Nous en avons un peu dans «Girls». Si on a deux réalisateurs, un homme et une femme, on va plutôt travailler avec la femme. On est aussi très contents quand on peut engager une femme pour un métier traditionnellement réservé aux hommes.
Quel enfant étiez-vous?
Ma mère me dit que j’étais vraiment bizarre! Je n’avais pas beaucoup d’amis, j’aimais lire, parler à mes parents, écrire, et essayer des costumes étranges. Je passais beaucoup de temps avec moi-même et mon imagination.
Est-ce plus difficile d’écrire le quotidien banal de «Girls» en connaissant autant de succès?
J’aimerais pouvoir dire qu’une fois que tu n’as plus à te soucier de ton travail ou de ton loyer, tout va, mais il reste tellement de choses humiliantes et embarrassantes au quotidien!
Qu’avez-vous appris par rapport à Hannah?

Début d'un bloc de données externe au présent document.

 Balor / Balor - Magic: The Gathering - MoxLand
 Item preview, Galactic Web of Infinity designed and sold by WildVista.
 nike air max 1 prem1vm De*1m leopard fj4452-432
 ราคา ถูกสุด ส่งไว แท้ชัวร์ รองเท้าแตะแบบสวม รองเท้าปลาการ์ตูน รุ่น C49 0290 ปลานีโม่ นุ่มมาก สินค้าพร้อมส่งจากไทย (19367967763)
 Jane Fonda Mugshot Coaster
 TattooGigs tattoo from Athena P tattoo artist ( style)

Le plupart du temps elle n’arrive pas à surmonter ses émotions, et être un peu moins sensible émotionnellement m’a beaucoup aidé dans ma vie d’adulte et ma carrière. Elle est aussi un peu trop esclave de ce qu’elle considère comme ses principes, elle réagit au quart de tour. Ce que je comprends mais je me sens chanceuse d’être un peu au-delà de ça maintenant.
Où s’arrêtera «Girls»?
J’aimerais que l’on soit fiers de chaque saison. J’ai toujours dit que ce serait 5 ou 6 saisons. J’ai envie d’amener les filles à une prochaine étape de leur vie, plus stable et heureuse, où elles auront vraiment mûri. On a une petite idée de la façon dont terminer la série. Je sais en tout cas que je ne veux pas qu’elle se termine avec chacune ayant des enfants!

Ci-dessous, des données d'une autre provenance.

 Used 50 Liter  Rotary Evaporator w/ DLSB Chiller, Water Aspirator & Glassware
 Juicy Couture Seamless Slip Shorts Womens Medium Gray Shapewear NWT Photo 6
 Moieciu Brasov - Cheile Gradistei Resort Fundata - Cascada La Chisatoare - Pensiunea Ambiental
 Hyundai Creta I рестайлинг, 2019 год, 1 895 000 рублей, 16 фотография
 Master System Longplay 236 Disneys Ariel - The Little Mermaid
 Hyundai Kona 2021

Vos séries de l’année 2013?
J’ai trouvé «Top of the lake» de Jane Campion incroyable, j’ai aimé «The Fall»… J’aime «Louie», «The Mindy Project», je trouve que «Brooklyn 99» est très drôle et j’adore «Scandal» que les gens trouvent un peu «soap» mais qui moi m’obsède!
Auriez-vous pu écrire une série centrée sur des hommes? Un «Boys»?
Je pense que j’en aurai été physiquement capable! Mais j’ai beau être très inspirée par les hommes dans ma vie, les problèmes dont je veux parler concernent les femmes. Cela a toujours été le cas, depuis que je suis toute petite. Certaines filles ont eu des moments de leur vie où elles se sont dit «J’aimerais être un garçon». Moi, jamais. J’ai toujours trouvé ça tellement cool d’être une fille!